The post was almost 10 yrs old, but I saw it for the 1st time this past weekend and I’m still flustered about it. (And the person does not know I’ve read it.) Sure, I had a bit of a “go me!” reaction when I first read it, but in general I’m weirded out.
Why weirded out?
Because this was a person who was my best friend at the time and while I remember quite a few things from that time period, I do not remember this coming out story at all. At ALL. I have absolutely no memory of talking about love or crushes or anything like that with this person. It’s weird to read a brand-new story about a moment in my childhood when I thought I had the last available pieces in place. It’s also weird that, while reading, I didn’t get some sort of a “Oh! Right! I remember that!” response… and dammit, it’s weird that it also doesn’t even bring up any positive or negative nostalgia feelings.
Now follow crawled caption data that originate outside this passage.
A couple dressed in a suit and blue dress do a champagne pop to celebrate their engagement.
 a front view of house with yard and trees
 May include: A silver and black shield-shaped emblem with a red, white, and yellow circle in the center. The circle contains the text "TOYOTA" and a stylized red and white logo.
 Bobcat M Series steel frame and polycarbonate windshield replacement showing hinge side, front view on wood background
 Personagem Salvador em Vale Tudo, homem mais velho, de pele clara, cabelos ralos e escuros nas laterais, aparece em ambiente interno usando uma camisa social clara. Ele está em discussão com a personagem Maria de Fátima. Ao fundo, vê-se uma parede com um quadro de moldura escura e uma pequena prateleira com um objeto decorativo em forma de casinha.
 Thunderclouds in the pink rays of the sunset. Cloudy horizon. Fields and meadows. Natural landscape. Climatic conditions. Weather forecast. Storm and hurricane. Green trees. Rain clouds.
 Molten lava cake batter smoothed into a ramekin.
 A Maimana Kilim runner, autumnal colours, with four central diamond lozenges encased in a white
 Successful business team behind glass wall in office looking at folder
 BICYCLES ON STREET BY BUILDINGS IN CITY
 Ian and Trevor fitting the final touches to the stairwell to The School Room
I mean, I remember this person incredibly fondly, and I am very used to getting some gut-level nostalgia feeling about a life story**, even when I don’t remember it.
I should have SOME gut-level reaction. Something to ground me there.
Because y’know, this person deserves more than this new hole in my brain.
I know that, given a few days, this will all be fine and dandy. But damn, that revelatory moment of “you don’t know everything about yourself” never fails to surprise.
* Okay YES I was googling myself. I do that once every few years to clean up old content out there.
** It’s telling that hearing a story about myself that I don’t remember was common enough in my life that I actually got used to a specific kind of emotional reaction to it.